Rogers Communications Inc. says many of its own employees were knocked offline and unable to immediately deal with a massive network outage on July 8 that affected millions of its wireless and wireline customers.
In a letter of explanation demanded by regulators at the Canadian Radio-television and Telecommunications Commission, Rogers described the outage as “unprecedented” and said its engineers and technical experts “are continuing to work alongside … global equipment vendors to fully explore the root cause and its effects.”
Rogers executives including chief executive Tony Staffieri and newly appointed chief technology officer Ron McKenzie are expected to face further grilling Monday at a meeting of the Standing Committee on Industry and Technology about the day-long national outage that hampered services from 911 calls to the Interac payments system.
In the early stage of the outage, many of Rogers’ network employees “could not connect to … IT and network systems,” which “impeded initial triage and restoration efforts,” Rogers said in the letter to the CRTC.
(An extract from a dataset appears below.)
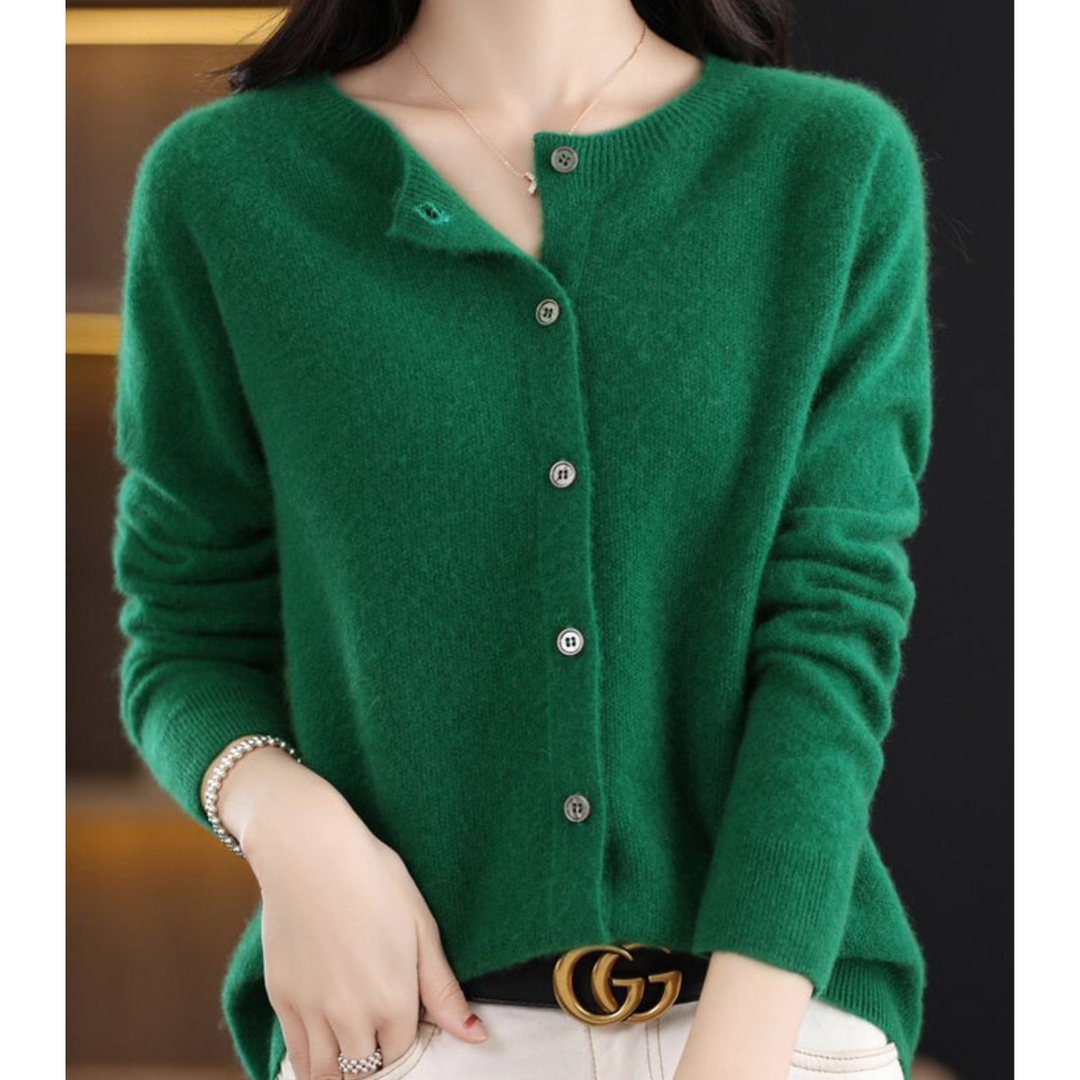 Women’s Soft Round Neck Knit Cardigan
“To complicate matters further, the loss of access to our VPN system to our core network nodes affected our timely ability to begin identifying the trouble and, hence, delayed the restoral efforts,” the company said.
Some employees did have access through “emergency SIMs” on alternate telecommunications carriers Telus and Bell, a practice established through reciprocal agreements in 2015, while others travelled to centralized locations to establish network access.
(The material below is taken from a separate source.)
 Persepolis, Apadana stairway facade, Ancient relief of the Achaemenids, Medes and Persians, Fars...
“Together, these groups were able to establish the necessary team to identify the cause of the outage and recover the network,” Rogers said in the partially redacted letter. However, it took most of the day to re-establish service to customers, and some sporadic problems continued through the weekend.
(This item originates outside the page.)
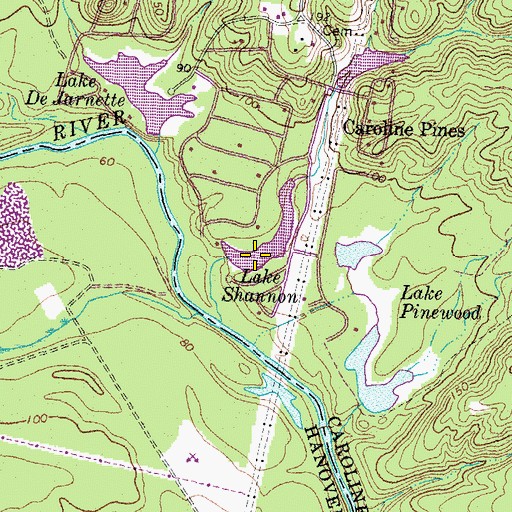 Topographic Map of Caroline Pines Lake, VA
In the letter, Rogers expanded on earlier statements blaming the outage on a network system failure following an update in its core IP network.
During the sixth phase of a seven-phase process that had begun weeks earlier — the first five phases of which Rogers says proceeded without incident — coding was introduced in the telco’s distribution routers that triggered the failure of the IP core network, starting at 4: 45 am on July 8.
A routing filter was deleted, which allowed for all possible routes to the Internet to pass through the routers, resulting in “abnormally high volumes of routes throughout the core network,” Rogers said.
“Certain network routing equipment became flooded, exceeded their capacity levels and were then unable to route traffic, causing the common core network to stop processing traffic.”
As a result, the Rogers network lost connectivity to the Internet for all incoming and outgoing traffic for both the wireless and wireline networks for consumers and business customers.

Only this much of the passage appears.